Raven hardware details
This page summarizes additional details on the Raven hardware and presents performance measurements from microbenchmarks.
Node architecture
The Raven system comprises of compute nodes powered by dual Intel Xeon IceLake-SP processors (Platinum 8360Y) with 36 physical CPU cores per socket (i.e. 72 per node). These nodes feature 256 GB of RAM, with 64 nodes having 512 GB and 4 nodes featuring 2048 GB. Additionally, there are 192 GPU-accelerated compute nodes, each equipped with 4 Nvidia A100 40GB-SXM GPUs connected via NVLINK3 and connected to the host via PCIe. These GPU nodes also feature 512 GB RAM and use the same Intel Xeon IceLake-SP CPUs.
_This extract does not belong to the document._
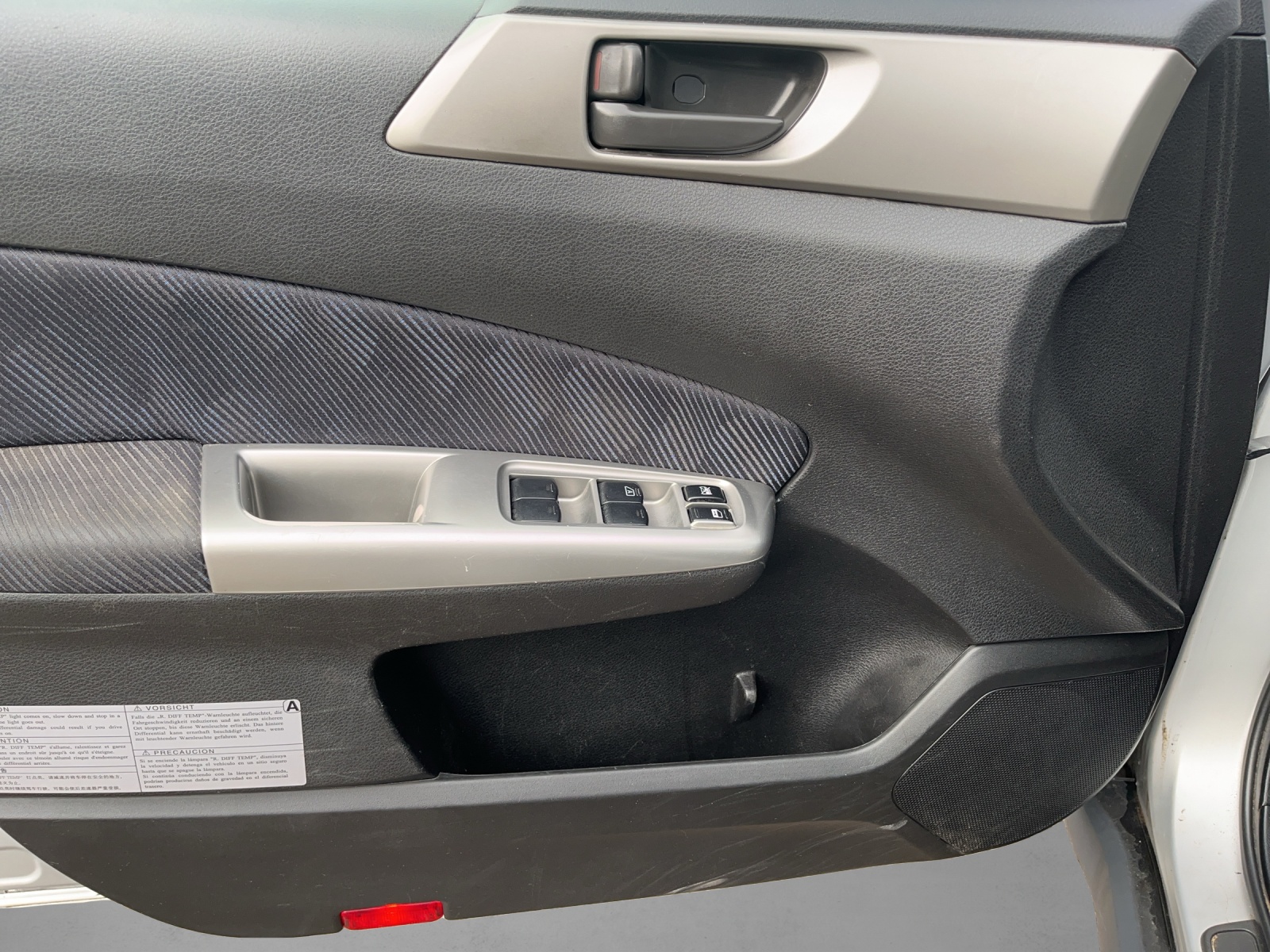 SUBARU Forester 2.0X Swiss-image-12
The CPU nodes are interconnected with a Mellanox HDR InfiniBand network at 100 Gbit/s, whereas the GPU nodes are linked at a rate of 200 Gbit/s.
The nominal bandwidths between the components on a Raven GPU node are approximately:
100 GB/s per direction between each of the four A100 GPUs using NVLINK3
67 GB/s per direction between the two CPU sockets using UPI
32 GB/s per direction between each A100 GPU and the host using PCIe4 x16
25 GB/s per direction via the InfiniBand network interface
The following schematic highlights the topology of a Raven GPU node (where the notation ‘2x X GB/s’ refers to full duplex, enabling a bandwidth of X GB/s in each direction simultaneously):
A set of 32 Raven GPU nodes is equipped with a second InfiniBand interface
that doubles the bandwidth into the network to 50 GB/s per direction. On
Slurm, these nodes can be selected via the --constraint="gpu-bw"
flag of
sbatch
. Due to a limited number of available PCIe lanes, the GPUs on these
nodes are connected to the host at half the bandwidth compared to the regular
Raven GPU nodes. The following schematic show the topology of a Raven
GPU node from the ‘gpu-bw’ type:
Empirical Roofline Models
Below, empirical roofline plots are presented that are based on measurements made on a CPU node and on an individual GPU of Raven. Roofline models illustrate the limitations of a computational kernel due to either the memory bandwidth or the maximum floating point performance of the hardware, depending on the arithmetic intensity of that kernel.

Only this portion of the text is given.